INFORMATION SUPPLIED:
------------------------------------------------------------
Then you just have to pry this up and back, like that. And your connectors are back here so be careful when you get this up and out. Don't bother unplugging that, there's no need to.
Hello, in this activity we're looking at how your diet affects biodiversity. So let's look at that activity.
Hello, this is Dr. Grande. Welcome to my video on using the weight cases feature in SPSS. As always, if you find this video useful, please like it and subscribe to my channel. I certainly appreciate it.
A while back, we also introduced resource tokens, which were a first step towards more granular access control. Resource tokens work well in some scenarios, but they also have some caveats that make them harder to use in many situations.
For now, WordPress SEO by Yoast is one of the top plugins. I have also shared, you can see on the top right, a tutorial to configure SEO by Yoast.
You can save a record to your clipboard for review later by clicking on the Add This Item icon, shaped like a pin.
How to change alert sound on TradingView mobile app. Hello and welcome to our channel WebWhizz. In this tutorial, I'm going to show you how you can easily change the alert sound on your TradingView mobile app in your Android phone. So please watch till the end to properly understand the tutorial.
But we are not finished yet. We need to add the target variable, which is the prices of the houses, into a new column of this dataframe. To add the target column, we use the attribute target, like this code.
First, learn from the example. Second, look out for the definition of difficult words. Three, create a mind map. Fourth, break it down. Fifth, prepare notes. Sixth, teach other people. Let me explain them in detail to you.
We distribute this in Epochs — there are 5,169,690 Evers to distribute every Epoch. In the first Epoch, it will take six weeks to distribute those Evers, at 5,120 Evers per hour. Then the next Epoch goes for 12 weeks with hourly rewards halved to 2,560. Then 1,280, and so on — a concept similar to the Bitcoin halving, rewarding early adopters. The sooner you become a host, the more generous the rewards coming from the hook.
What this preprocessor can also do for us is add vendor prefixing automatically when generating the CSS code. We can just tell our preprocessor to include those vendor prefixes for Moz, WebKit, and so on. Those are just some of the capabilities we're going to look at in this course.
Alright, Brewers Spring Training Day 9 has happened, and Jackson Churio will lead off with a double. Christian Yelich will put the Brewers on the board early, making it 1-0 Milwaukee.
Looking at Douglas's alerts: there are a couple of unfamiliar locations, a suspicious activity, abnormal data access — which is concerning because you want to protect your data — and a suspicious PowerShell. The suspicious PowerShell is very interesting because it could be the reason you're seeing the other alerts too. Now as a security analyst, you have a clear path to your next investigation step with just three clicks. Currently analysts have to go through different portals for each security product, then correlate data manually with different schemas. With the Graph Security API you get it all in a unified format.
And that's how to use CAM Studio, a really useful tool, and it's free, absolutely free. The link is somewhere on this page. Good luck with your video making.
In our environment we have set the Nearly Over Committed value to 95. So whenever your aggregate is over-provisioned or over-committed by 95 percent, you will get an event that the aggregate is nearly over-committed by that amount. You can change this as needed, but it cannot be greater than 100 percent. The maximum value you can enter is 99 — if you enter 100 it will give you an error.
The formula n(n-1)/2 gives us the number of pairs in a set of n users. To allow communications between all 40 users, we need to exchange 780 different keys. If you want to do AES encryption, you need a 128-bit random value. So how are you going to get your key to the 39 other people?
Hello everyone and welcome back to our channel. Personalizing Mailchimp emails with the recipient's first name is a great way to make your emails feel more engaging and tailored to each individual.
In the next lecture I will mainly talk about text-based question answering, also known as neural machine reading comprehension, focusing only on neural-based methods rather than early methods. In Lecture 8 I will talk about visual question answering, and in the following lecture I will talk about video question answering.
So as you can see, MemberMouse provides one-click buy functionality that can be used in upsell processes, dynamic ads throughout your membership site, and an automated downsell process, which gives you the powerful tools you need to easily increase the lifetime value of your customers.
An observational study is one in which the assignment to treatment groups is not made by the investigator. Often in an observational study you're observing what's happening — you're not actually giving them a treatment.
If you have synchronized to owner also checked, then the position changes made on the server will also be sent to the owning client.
------------------------------------------------------------
WHAT YOU ARE ASKED TO DO: All of the material above should be printed again exactly as it is.

TASK OUTPUT:
Then you just have to pry this up and back, like that. And your connectors are back here so be careful when you get this up and out. Don't bother unplugging that, there's no need to.
Hello, in this activity we're looking at how your diet affects biodiversity. So let's look at that activity.
Hello, this is Dr. Grande. Welcome to my video on using the weight cases feature in SPSS. As always, if you find this video useful, please like it and subscribe to my channel. I certainly appreciate it.
A while back, we also introduced resource tokens, which were a first step towards more granular access control. Resource tokens work well in some scenarios, but they also have some caveats that make them harder to use in many situations.
For now, WordPress SEO by Yoast is one of the top plugins. I have also shared, you can see on the top right, a tutorial to configure SEO by Yoast.
You can save a record to your clipboard for review later by clicking on the Add This Item icon, shaped like a pin.
How to change alert sound on TradingView mobile app. Hello and welcome to our channel WebWhizz. In this tutorial, I'm going to show you how you can easily change the alert sound on your TradingView mobile app in your Android phone. So please watch till the end to properly understand the tutorial.
But we are not finished yet. We need to add the target variable, which is the prices of the houses, into a new column of this dataframe. To add the target column, we use the attribute target, like this code.
First, learn from the example. Second, look out for the definition of difficult words. Three, create a mind map. Fourth, break it down. Fifth, prepare notes. Sixth, teach other people. Let me explain them in detail to you.
We distribute this in Epochs — there are 5,169,690 Evers to distribute every Epoch. In the first Epoch, it will take six weeks to distribute those Evers, at 5,120 Evers per hour. Then the next Epoch goes for 12 weeks with hourly rewards halved to 2,560. Then 1,280, and so on — a concept similar to the Bitcoin halving, rewarding early adopters. The sooner you become a host, the more generous the rewards coming from the hook.
What this preprocessor can also do for us is add vendor prefixing automatically when generating the CSS code. We can just tell our preprocessor to include those vendor prefixes for Moz, WebKit, and so on. Those are just some of the capabilities we're going to look at in this course.
Alright, Brewers Spring Training Day 9 has happened, and Jackson Churio will lead off with a double. Christian Yelich will put the Brewers on the board early, making it 1-0 Milwaukee.
Looking at Douglas's alerts: there are a couple of unfamiliar locations, a suspicious activity, abnormal data access — which is concerning because you want to protect your data — and a suspicious PowerShell. The suspicious PowerShell is very interesting because it could be the reason you're seeing the other alerts too. Now as a security analyst, you have a clear path to your next investigation step with just three clicks. Currently analysts have to go through different portals for each security product, then correlate data manually with different schemas. With the Graph Security API you get it all in a unified format.
And that's how to use CAM Studio, a really useful tool, and it's free, absolutely free. The link is somewhere on this page. Good luck with your video making.
In our environment we have set the Nearly Over Committed value to 95. So whenever your aggregate is over-provisioned or over-committed by 95 percent, you will get an event that the aggregate is nearly over-committed by that amount. You can change this as needed, but it cannot be greater than 100 percent. The maximum value you can enter is 99 — if you enter 100 it will give you an error.
The formula n(n-1)/2 gives us the number of pairs in a set of n users. To allow communications between all 40 users, we need to exchange 780 different keys. If you want to do AES encryption, you need a 128-bit random value. So how are you going to get your key to the 39 other people?
Hello everyone and welcome back to our channel. Personalizing Mailchimp emails with the recipient's first name is a great way to make your emails feel more engaging and tailored to each individual.
In the next lecture I will mainly talk about text-based question answering, also known as neural machine reading comprehension, focusing only on neural-based methods rather than early methods. In Lecture 8 I will talk about visual question answering, and in the following lecture I will talk about video question answering.
So as you can see, MemberMouse provides one-click buy functionality that can be used in upsell processes, dynamic ads throughout your membership site, and an automated downsell process, which gives you the powerful tools you need to easily increase the lifetime value of your customers.
An observational study is one in which the assignment to treatment groups is not made by the investigator. Often in an observational study you're observing what's happening — you're not actually giving them a treatment.
If you have synchronized to owner also checked, then the position changes made on the server will also be sent to the owning client.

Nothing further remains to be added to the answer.